团队创业已成为目前创业活动的主要形式[1]。如何通过创业团队治理合理地配置成员间的权责利,有效激励创业者人力资本,从而实现良好的团队互动[2],已然成为新创企业发展中最重要的环节。经营管理以决策为核心,在探索创业团队治理对新创企业的影响时,厘清契约治理与关系治理对团队决策的作用机理对新创企业成长有重要意义。然而,已有研究探讨了创业团队契约治理[3]对新创企业战略决策的影响,但较少关注创业团队关系治理对决策过程的影响及作用机制。
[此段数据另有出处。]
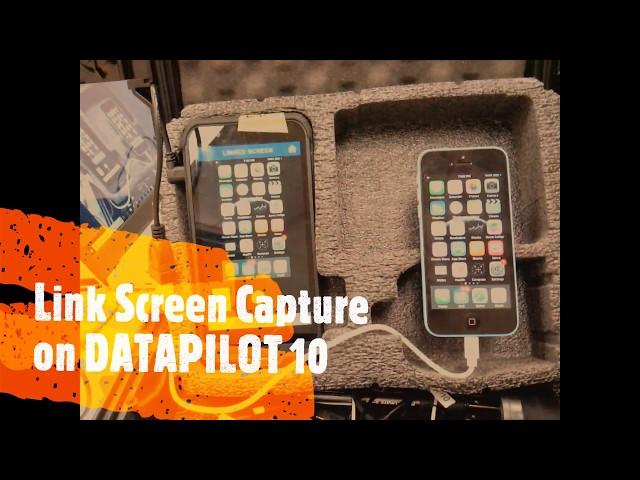 Link Screen Capture on DATAPILOT 10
新创企业早期制度并不完善[2],单靠契约治理并不足以妥善解决创业过程中的人力资本定价与激励问题,关系治理的补充作用不容忽视。研究表明,在新创企业成立早期(2年以内),由于新创企业仍然处在调整之中,契约治理对创业团队绩效的影响相对较弱[4]。实践中也是如此,部分创业团队即使签订了详尽的合约或者制定了一定的股权激励计划,其团队合作效果依然不够理想。究其原因:①创业团队治理以激励人力资本、实现良好的团队合作为目的,但初始人力资本禀赋识别困难,合伙之初的契约必然无法合理分配成员间的责权利[2],因此,公平的利益分配有赖于通过关系治理促进人力资本识别;②创业成员人力资本具有发展不均衡性[2],契约治理虽通过动态调整尽力实现人力资本产出与收益的公平配置,但难以穷尽所有情况,而关系治理能有效削弱由此产生的负面影响;③新创企业往往因亲朋好友等亲密关系的存在得以成立[2],但因关系恶化导致合作破裂的案例却屡见不鲜,可见,创业团队的既有关系既可成为企业发展的动力,亦可成为阻力。由此,通过关系治理实现良好的创业团队互动氛围对新创企业发展显得尤为重要。

决策是企业经营的关键,在理解创业团队关系治理的效果上,对决策的影响应当是一个直接的切入点。决策承诺是团队成员接受团队所达成的决策并愿意采取合作行为以实施决策的意愿的程度[5],对处在动态环境的新创企业而言,决策的实施往往比决策质量本身更为重要[6]。首先,高决策承诺意味着团队成员会就决策的实施采取更多合作行为[7],从而对决策的成功实施产生积极的作用;其次,决策承诺是一种态度而非具体的单次行为,在团队互动过程中具有一定的持续性。由于创业本身面临极高的不确定性,大多数经营决策往往是在信息不充分的情况下做出的,需要根据实施过程中所获取的信息不断加以调整、修订甚至重新决策,团队成员可能在决策的不断调整中产生倦怠,对决策质量和执行产生负面影响[8]。由此,只有当团队成员对决策拥有较高的认同感并愿意为决策实施付出努力,即决策承诺高时,团队最初的目标才能得以实现。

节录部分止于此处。